On Sunday 2nd September 2016, London commemorated the 350 year anniversary of the Great Fire of London. The fire itself was significant, due to the remarkable size, and the lack of control held over it. But, the events that occurred at the beginning of September 1666, would also change London as a city.
The story goes, that at midnight on Sunday 2nd September 1666, a fire broke out on (or near) Pudding Lane (mentioned in ‘Towers of London’ walk), coming from Thomas Farriner’s bakery. The delay of decisive action helped spread the fire into the adjacent housing. The fire spread to more flammable buildings on the river front. Later that Sunday morning as the fire spread, all attempts to stop the fire were forgotten. The fire managed to burn London Bridge, but had not touched the south side of the river.
Samuel Pepys, famous for his diary written during the 1660s wrote about the Great Fire. Pepys describes the fire as “a bow with God’s arrow in it with a shining point.”
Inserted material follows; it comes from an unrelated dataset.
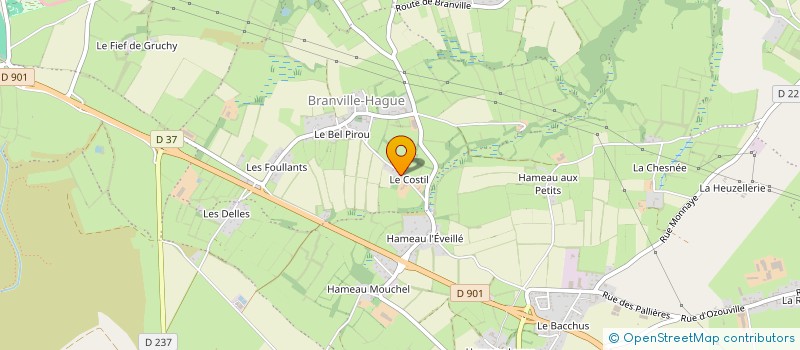 localisation de l'entreprise SOCIETE CIVILE IMMOBILIERE PANAJOMA  LA HAGUE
By Monday the fire had spread to the housing belonging to the bankers. There was a rush to collect all their gold, before escaping to the river on boats. James, the Duke of York, and King Charles II brother started the attempts to quell the fire. The royal palace, Baynard’s castle (mentioned in ‘Sweet Thames London’ walk) was destroyed that day.
On Tuesday James was hard at work, trying to create firebreaks by blowing up houses. The fire had passed the river Fleet, a gap in the streets that was not able to suffocate the fire. The fire reached Cheapside, an affluent shopping street. In the evening, St Pauls Cathedral was on fire. Christopher Wren was restoring the landmark, and the wooden scaffolding had caught fire.
Fortunately by Wednesday 5th September, the firebreaks started to be effective. There was much destruction, and those who were left homeless took refuge outside the City of London.
It is said that the death toll was fairly low, but may not have accounted for the poor who were killed.
The fire of London was a turning point in history. The architecture, and layout of the city changed. Streets became wider, and houses were made from stone. This was a preventative measure, but a significant change to London.
From the ashes, there were benefits to the Londoners. The fire helped remove traces of the Great Plague of London.
Today the Monument standing in the City of London, marks as a tribute to the Great Fire.